Mais comme pour les économies d'Europe orientale, la production industrielle, les industries extractives et la construction sont des industries extrêmement importantes en Serbie. Ses principales exportations: automobiles, fils isolés, pneus et moteurs électriques nécessitent toutes une grande quantité d’électricité. Pour répondre à ces besoins, la Serbie se tourne vers le lignite, ou «charbon brun», qui est très polluant mais que l’on trouve en abondance en Serbie dans les mines de Kolubara et de Kostolac.

Les centrales à charbon rejettent d'importantes quantités de particules, de dioxyde de soufre et d'oxydes d'azote, ces derniers contribuant indirectement à la formation d'ozone. Parmi ceux-ci, les plus préoccupants pour la santé sont les particules fines (PM2,5) et l'ozone. Les concentrations de particules de PM2,5 produisent un air brumeux et contribuent aux maladies respiratoires, aux maladies cardiaques, aux accidents vasculaires cérébraux et au cancer. Les métaux lourds, tels que le mercure, et les polluants organiques persistants (POP), tels que les dioxines et les produits chimiques aromatiques polycycliques (HAP), sont d'autres substances dangereuses émises par les cheminées des centrales au charbon.

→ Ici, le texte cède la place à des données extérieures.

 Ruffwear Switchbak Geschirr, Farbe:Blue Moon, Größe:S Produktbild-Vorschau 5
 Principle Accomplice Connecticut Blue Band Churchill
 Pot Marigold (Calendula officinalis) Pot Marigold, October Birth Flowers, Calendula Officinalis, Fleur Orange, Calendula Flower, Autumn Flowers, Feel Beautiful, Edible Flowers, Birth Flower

Cependant, bien que les coûts économiques et humains de la pollution en Serbie soient élevés et la pression publique considérable, le gouvernement n'a déployé que peu d'efforts majeurs pour lutter contre la pollution. Le lignite a un attrait compréhensible pour l’énergie en Serbie: il est abondant, bon marché, sa main-d’œuvre nombreuse sait comment l’utiliser et rend l’utilisateur largement indépendant de ses voisins immédiats ou de producteurs de gaz lointains.

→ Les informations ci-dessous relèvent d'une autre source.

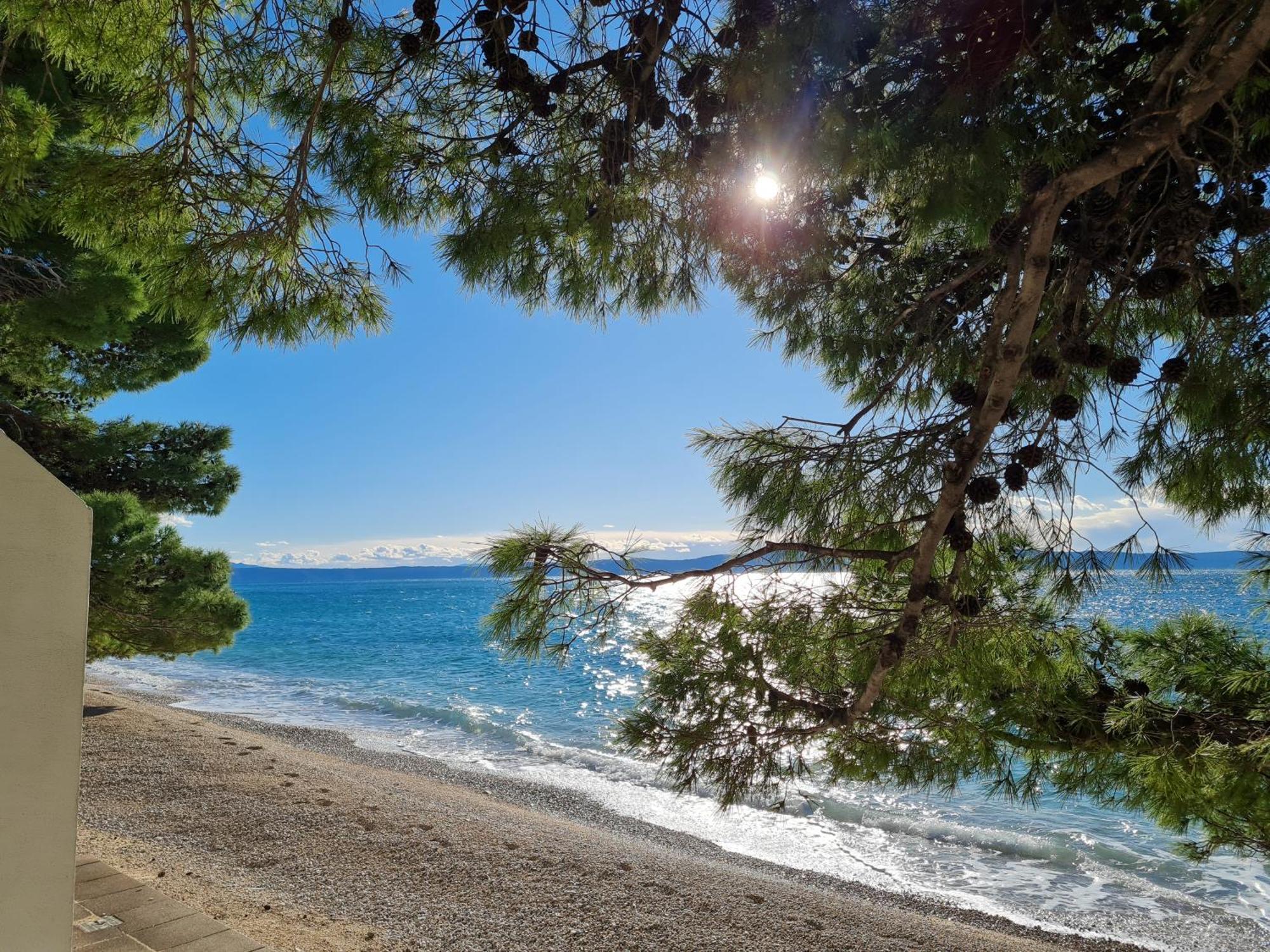 Vila Maslina Apartments Mit Pool Und Garten Nahe Am Strand Tučepi Dış mekan fotoğraf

En ce qui concerne les énergies renouvelables et les énergies propres, le marché a fait quelques reculs mais les efforts prévus pour établir les énergies renouvelables en tant que partie intégrante du secteur énergétique du pays sont limités. Bien que les investisseurs européens aient manifesté leur intérêt en participant à la construction de parcs éoliens en Serbie, le gouvernement s’est surtout intéressé à: plus de charbon. Avec des projets partout au pays de nouvelles centrales au charbon, celles-ci seraient au moins modérément plus efficaces que leurs prédécesseurs, mais avec le lignite, il ne peut être que si efficace. Avec une durée de vie de 40 à 50 ans, il pourrait enfermer la région dans un demi-siècle d’utilisation du lignite. La construction de nouvelles centrales à charbon signifierait que les émissions dangereuses et leurs effets sur la santé se poursuivraient pendant de nombreuses années.

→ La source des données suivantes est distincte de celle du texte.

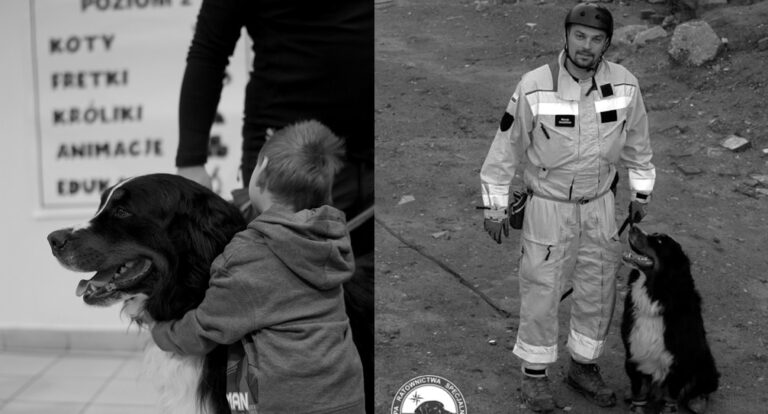 Nie żyje Grot – pies ratownik. „Dziecko ze zdjęcia jest autystyczne. Pierwszy raz dotknęło zwierzęcia”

La Serbie espère devenir membre de l'UE et des progrès sont attendus, avec des pressions, pour se rapprocher des normes européennes attendues. Le coût des émissions devrait augmenter à mesure que l'UE resserrera son système d'échange de droits d'émission, rendant ainsi la poursuite de l'utilisation de sources d'énergie fortement émettrices non rentable.

Gorjan est optimiste sur le fait que l'application aidera à fournir des matériaux aux citoyens serbes et fournira plus de pression politique que ses voisins de l'UE ne pourraient raisonnablement en exercer.

«L’objectif d’AirCare en Serbie est de servir d’outil aux citoyens comme aux activistes, de les informer, de les éduquer et de les responsabiliser pour qu’ils prennent des mesures en faveur d’un avenir plus vert et plus propre».